Batched calls
The low-level specifics of how batched calls will work is still being discussed.
Calls to private functions can be batched instead of executed synchronously. When executing a batched call to a private function, the function is not executed on the spot, but enqueued for execution at the end of local execution. Once the private call stack has been emptied, all batched execution requests are grouped by target (contract and function selector), and executed via a single call to each target.
Batched calls are implemented by pushing a PrivateCallStackItem
with the flag is_execution_request
into a private_batched_queue
in the execution context, and require an oracle call to a batchPrivateFunctionCall
function with the same argument types as for other oracle function calls.
Batched calls are processed by the private kernel circuit. On each kernel circuit iteration, if the private call stack is not empty, the kernel circuit pops and processes the topmost entry. Otherwise, if the batched queue is not empty, the kernel pops the first item, collects and deletes all other items with the same target, and calls into the target. Note that this allows batched calls to trigger further synchronous calls.

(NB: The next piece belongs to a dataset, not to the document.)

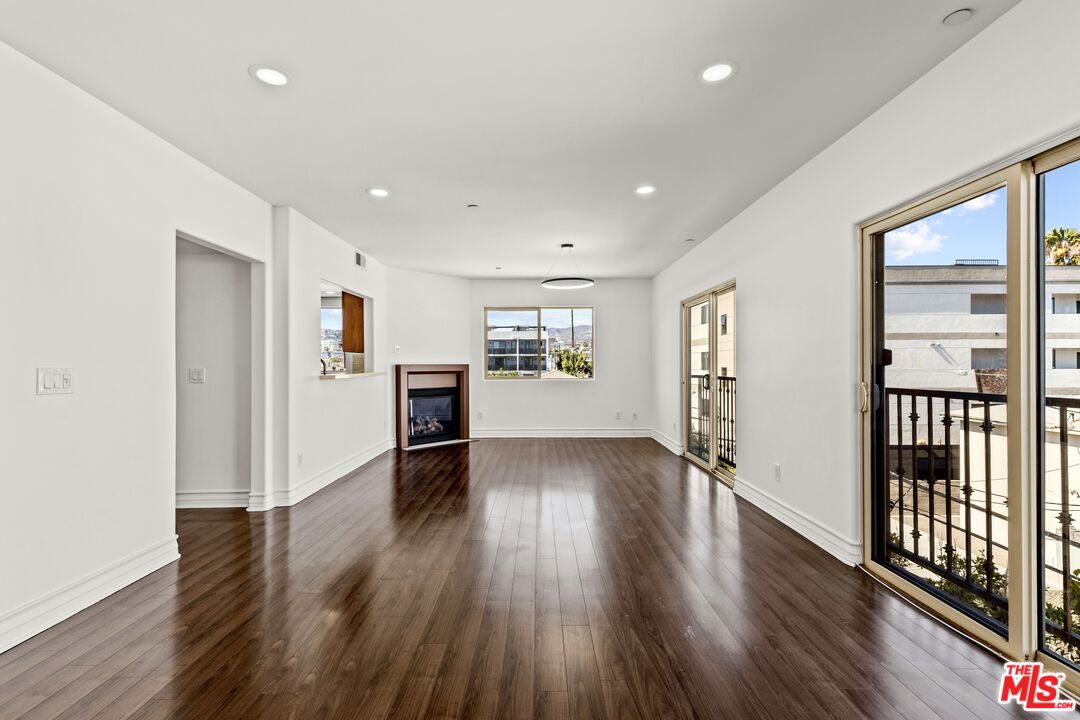 936 N Hudson Ave Unit: 302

The arguments for the batched call are arranged in an array with one position for each individual call. Each position within the array is a nested array where the first element is the call context for that individual call, followed by the actual arguments of the call. A batched call is expected to return an array of PrivateCircuitPublicInputs
, where each public input's call context matches the call context from the corresponding individual call. This allows batched delegate calls, where each individual call processed has a context of its own. This can be used to emit logs on behalf of multiple contracts within a single batched call.
In pseudocode, the kernel circuit executes the following logic:
loop:
if next_call_stack_item = context.private_call_stack.pop():
execute(next_call_stack_item.address, next_call_stack_item.function_selector, next_call_stack_item.arguments)
else if next_batched_call = context.private_batched_queue.pop():
let calls = context.private_batched_queue.filter(call => call.target == target)
context.private_batched_queue.delete_many(calls)
execute(target.address, target.function_selector, calls.map(call => [call.call_context, ...call.arguments]))
else:
break
The rationale for batched calls is to minimize the number of function calls in private execution, in order to reduce total proving times. Batched calls are mostly intended for usage with note delivery precompiles, since these do not require synchronous execution, and allows for processing all notes that are to be encrypted and tagged with the same mechanism using a single call. Batched calls can also be used for other common functions which do not require synchronous execution and which are likely to be invoked multiple times.